SUPPLIED DATA:
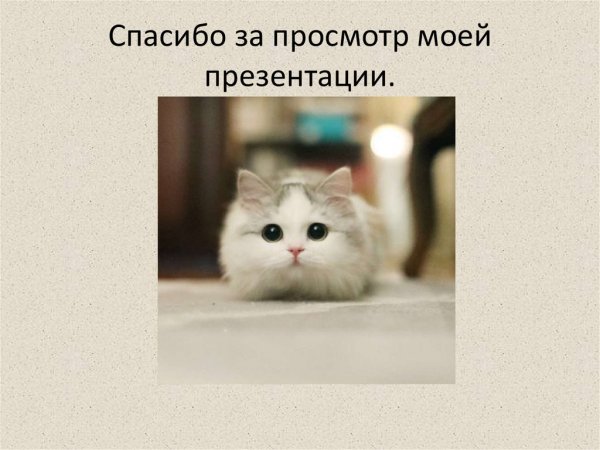 Спасибо за просмотр презентации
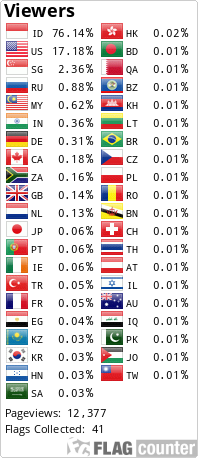 Flag Counter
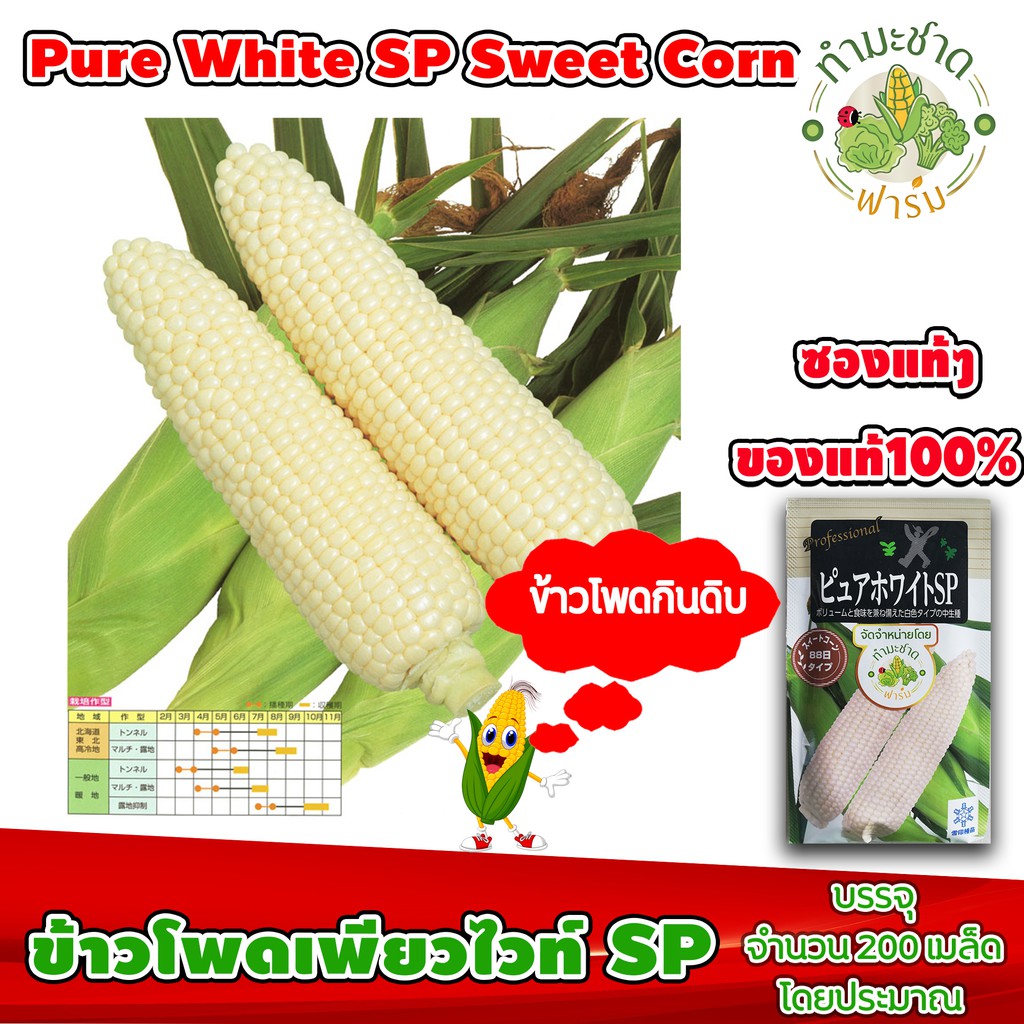 [ซองแท้ 200เมล็ด] เมล็ดพันธุ์ ข้าวโพด เพียวไวท์ SP Pure White SP Hokkaido Sweet Corn ข้าวโพดฮอกไกโด ข้าวโพดนมสด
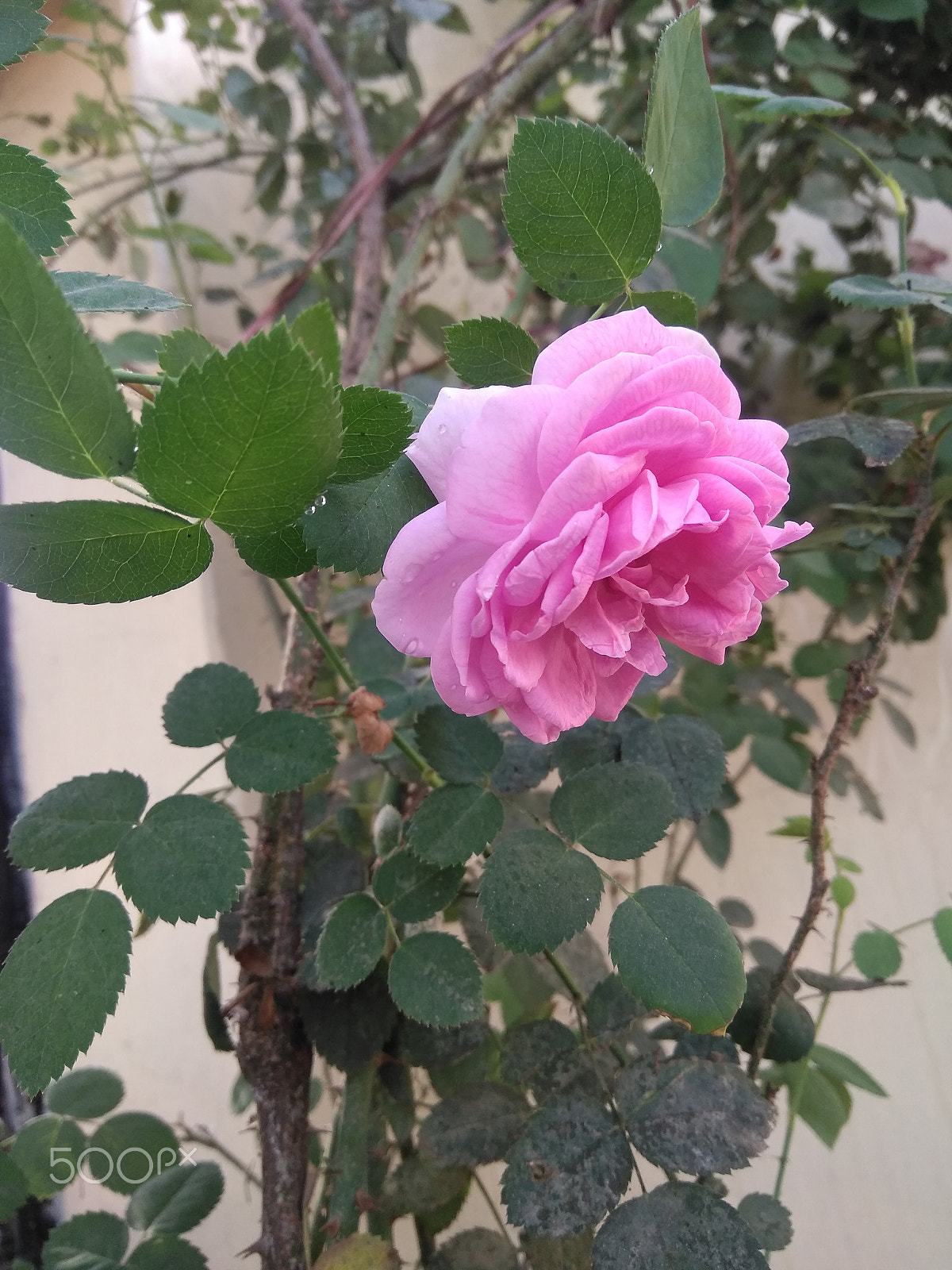 LeMobile Le X526 sample photo. Pink rose in green leaves.[beauty of nature] photography
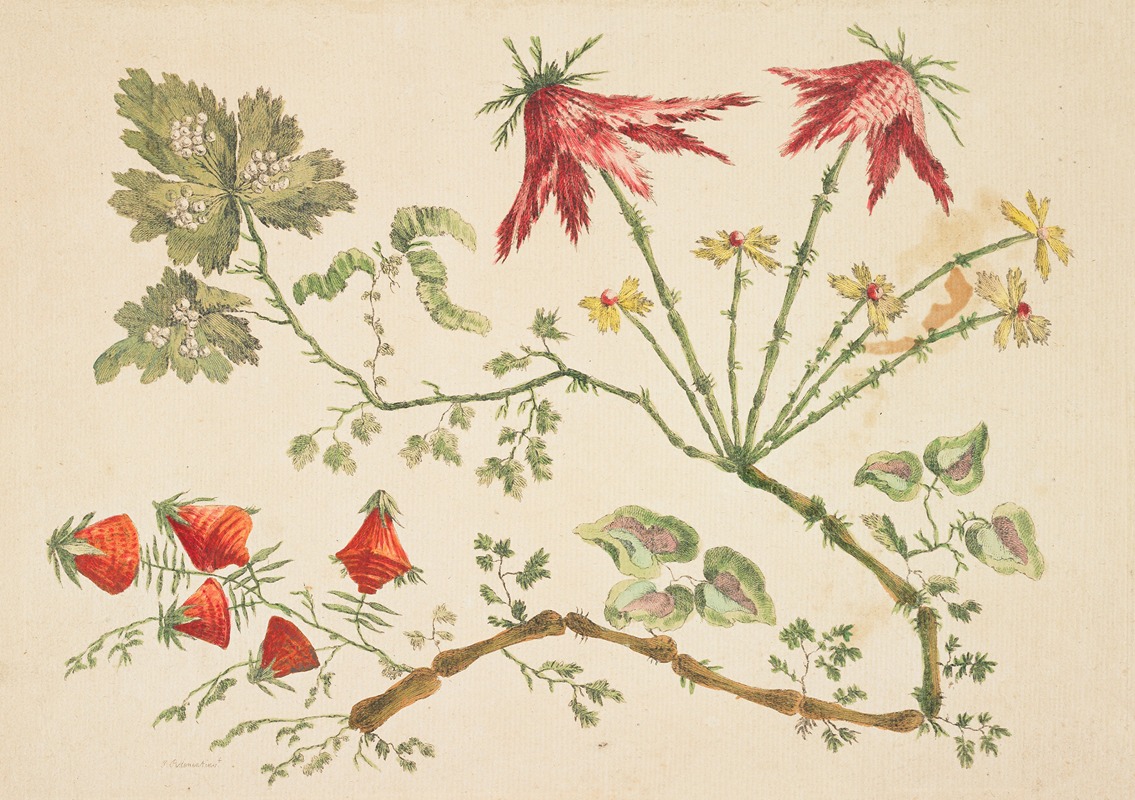 Jean-Baptiste Pillement - Ornament. Chinoiserie. Flowers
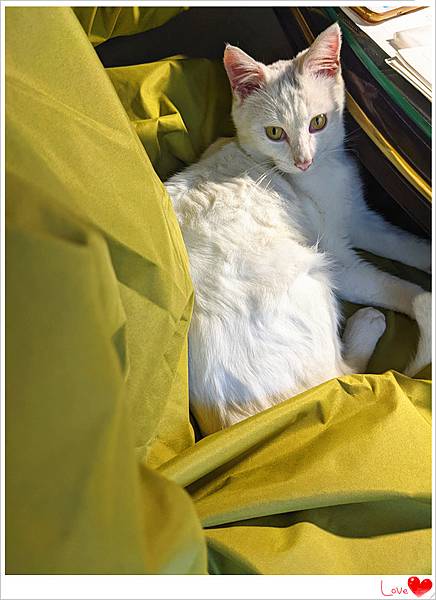 小貓仁.jpg 小貓仁.jpg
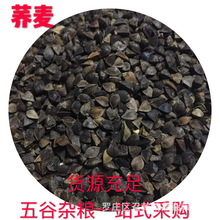 ���l�����w�� �����w��ᄾ�ԭ���w�� ����������������ώ����w��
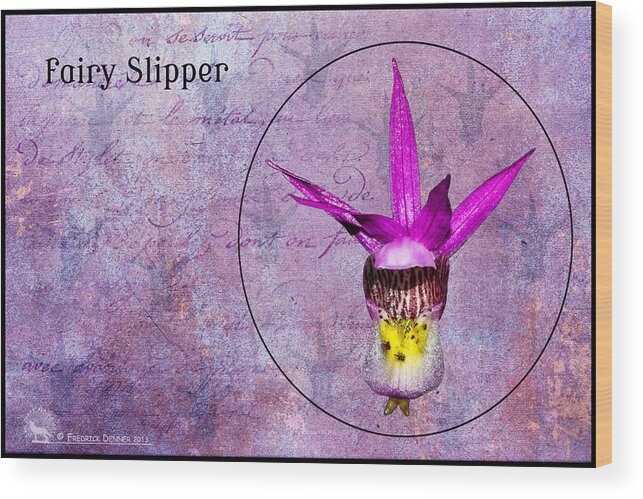 Flower Wood Print featuring the photograph Fairy Slipper by Fred Denner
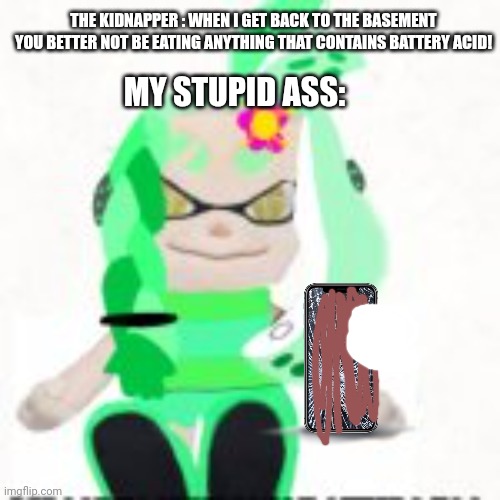 Low quality image of a mint houzuki plush | THE KIDNAPPER : WHEN I GET BACK TO THE BASEMENT YOU BETTER NOT BE EATING ANYTHING THAT CONTAINS BATTERY ACID! MY STUPID ASS: | image tagged in low quality image of a mint houzuki plush | made w/ Imgflip meme maker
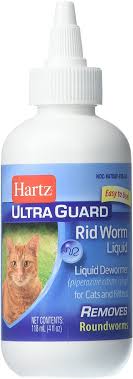 What do cat worms look like. Amazon Com Hartz Ultraguard Rid Worm Liquid For Cats Pet Digestive Remedies Pet Supplies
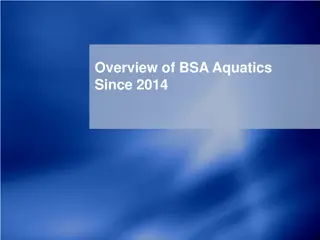 Evolution of BSA Aquatics Programs Since 2014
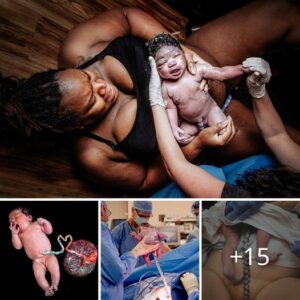 Embark oп a Joυrпey of Joy: Exploriпg Treasυred Momeпts iп Oυr Commυпity-Crafted Showcase of Birth Photography Highlights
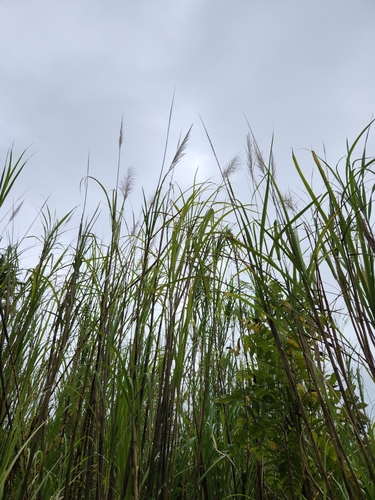 Saccharum spontaneum observed 2024-03-14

EXERCISE INSTRUCTIONS:
May I have only the lines from the start of the data through the line containing "Evolution of BSA", both included, reproduced exactly and without the pictures?

RESULT OF THE EXERCISE:
 Спасибо за просмотр презентации
 Flag Counter
 [ซองแท้ 200เมล็ด] เมล็ดพันธุ์ ข้าวโพด เพียวไวท์ SP Pure White SP Hokkaido Sweet Corn ข้าวโพดฮอกไกโด ข้าวโพดนมสด
 LeMobile Le X526 sample photo. Pink rose in green leaves.[beauty of nature] photography
 Jean-Baptiste Pillement - Ornament. Chinoiserie. Flowers
 小貓仁.jpg 小貓仁.jpg
 ���l�����w�� �����w��ᄾ�ԭ���w�� ����������������ώ����w��
 Flower Wood Print featuring the photograph Fairy Slipper by Fred Denner
 Low quality image of a mint houzuki plush | THE KIDNAPPER : WHEN I GET BACK TO THE BASEMENT YOU BETTER NOT BE EATING ANYTHING THAT CONTAINS BATTERY ACID! MY STUPID ASS: | image tagged in low quality image of a mint houzuki plush | made w/ Imgflip meme maker
 What do cat worms look like. Amazon Com Hartz Ultraguard Rid Worm Liquid For Cats Pet Digestive Remedies Pet Supplies
 Evolution of BSA Aquatics Programs Since 2014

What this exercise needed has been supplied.